When you talk with about quantum mechanics and such some of them try to put ideological spin on characters figuring out their motives. This is not how it works – I tend to say. Bouncing to a thing when it is not logically sound.

I'm much happier when I deal with SFJs because when I explain they listen and try to understand. For example there are plenty of ESFJs who are very happy to follow precise abstract reason with admiration and to get it to a required level making no non-logical hyperboles. With NFs it is very stressful because they only tend accept purely practical help in their own endeavours and shrug off non humanistic views as purely dull.


----------



## ElectricSlime (Nov 25, 2016)

Sounds like you need to find the INFJ to your ENTP.

Heck I do too.


----------



## RexMaximus (Jun 29, 2016)

I like NF women a lot. ENFPs as would be predictable but ENFJs as well, though perhaps not for a romantic relationship. I don't think I know any INFs, except for perhaps my mother. I'd definitely be open to it though. As long as they're not radical feminists or SJWs. You can miss me with those. I think that most of my future partners will be NF women.


----------



## Mr Oops (Jun 29, 2016)

INFJs , I think they are OK. INFPs tend to get bit too sensitive around me. It is like my logic sounds very judgemental while I'm not really making a character evaluation – merely logical-sciency generalisations of people actions.

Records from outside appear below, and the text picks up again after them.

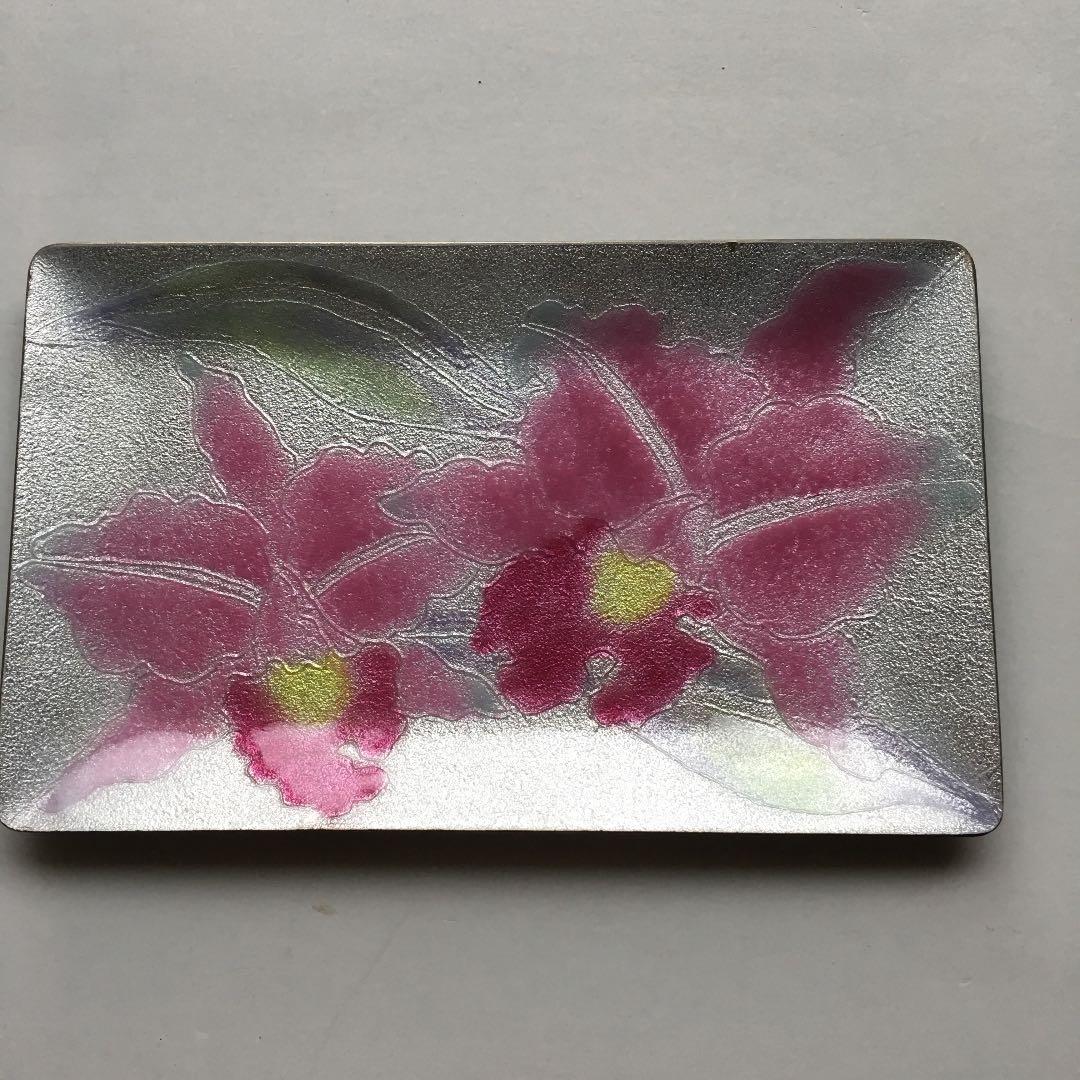 0322　七宝 らん 純銀箔 飾り皿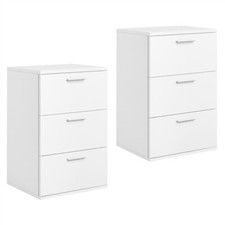 Comodino da Camera da Letto Bianco con 3 Cassetti in Legno MDF Soggiorno Cucina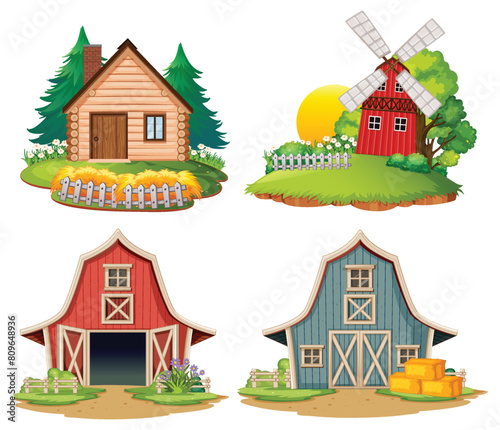 Vector illustrations of farmhouses and barns in rural settings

INFJs are better but I still don't like their spin of societal views. ISFJs are on the same page with me saying that I make lot of sense while I have to explain stuff to INFJs. They'll eventually get it in a way. Why is that? Me and ISFJ generally like that broader issues are logical and local smaller issues are more feeling orientated. It is exactly the other way with NFs.

Example: INFJs take on political views: This why that group is oppressed. Me: If you look at it more logically you both do the same thing and in general that is how people handle things. INFJ looks me at some kind of amazement. Like I can not take sides (which is true).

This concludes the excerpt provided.